- **The problem**
Below are the records. Restate word for word every line from the one that contains "МОРСКАЯ - гостиница" through the final line, both included.

- **Data shown**
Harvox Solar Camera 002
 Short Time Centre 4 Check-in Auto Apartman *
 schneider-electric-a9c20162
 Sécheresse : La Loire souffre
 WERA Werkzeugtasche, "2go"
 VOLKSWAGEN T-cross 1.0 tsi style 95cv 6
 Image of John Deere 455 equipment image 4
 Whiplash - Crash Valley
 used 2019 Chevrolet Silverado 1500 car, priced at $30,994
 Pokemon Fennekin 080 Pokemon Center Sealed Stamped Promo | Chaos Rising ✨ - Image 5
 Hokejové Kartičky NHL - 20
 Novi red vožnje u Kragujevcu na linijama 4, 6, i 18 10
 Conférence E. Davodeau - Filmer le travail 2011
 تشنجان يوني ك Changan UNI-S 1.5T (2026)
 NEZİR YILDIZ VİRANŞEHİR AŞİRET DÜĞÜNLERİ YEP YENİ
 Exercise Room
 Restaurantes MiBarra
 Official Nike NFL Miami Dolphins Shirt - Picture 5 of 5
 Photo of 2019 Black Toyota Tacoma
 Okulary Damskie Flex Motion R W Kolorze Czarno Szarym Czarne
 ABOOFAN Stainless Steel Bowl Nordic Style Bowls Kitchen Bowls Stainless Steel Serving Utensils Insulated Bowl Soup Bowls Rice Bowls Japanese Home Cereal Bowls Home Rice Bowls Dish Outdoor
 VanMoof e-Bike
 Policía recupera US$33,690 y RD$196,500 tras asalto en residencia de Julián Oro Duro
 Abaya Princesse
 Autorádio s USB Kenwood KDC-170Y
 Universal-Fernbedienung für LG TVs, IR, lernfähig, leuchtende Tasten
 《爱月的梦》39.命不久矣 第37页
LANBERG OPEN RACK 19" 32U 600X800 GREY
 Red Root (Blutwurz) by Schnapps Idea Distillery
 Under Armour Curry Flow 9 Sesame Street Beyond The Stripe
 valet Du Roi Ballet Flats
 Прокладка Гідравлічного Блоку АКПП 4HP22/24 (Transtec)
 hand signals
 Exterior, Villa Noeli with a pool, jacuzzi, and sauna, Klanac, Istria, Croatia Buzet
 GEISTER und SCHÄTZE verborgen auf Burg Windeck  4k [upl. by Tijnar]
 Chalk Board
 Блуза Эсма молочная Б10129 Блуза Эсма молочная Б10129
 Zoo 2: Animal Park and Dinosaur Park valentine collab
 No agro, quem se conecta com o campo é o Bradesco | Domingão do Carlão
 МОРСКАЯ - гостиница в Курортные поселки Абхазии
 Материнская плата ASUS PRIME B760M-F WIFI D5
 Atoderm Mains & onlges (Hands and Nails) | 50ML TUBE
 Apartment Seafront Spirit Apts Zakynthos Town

- **Reply**
 МОРСКАЯ - гостиница в Курортные поселки Абхазии
 Материнская плата ASUS PRIME B760M-F WIFI D5
 Atoderm Mains & onlges (Hands and Nails) | 50ML TUBE
 Apartment Seafront Spirit Apts Zakynthos Town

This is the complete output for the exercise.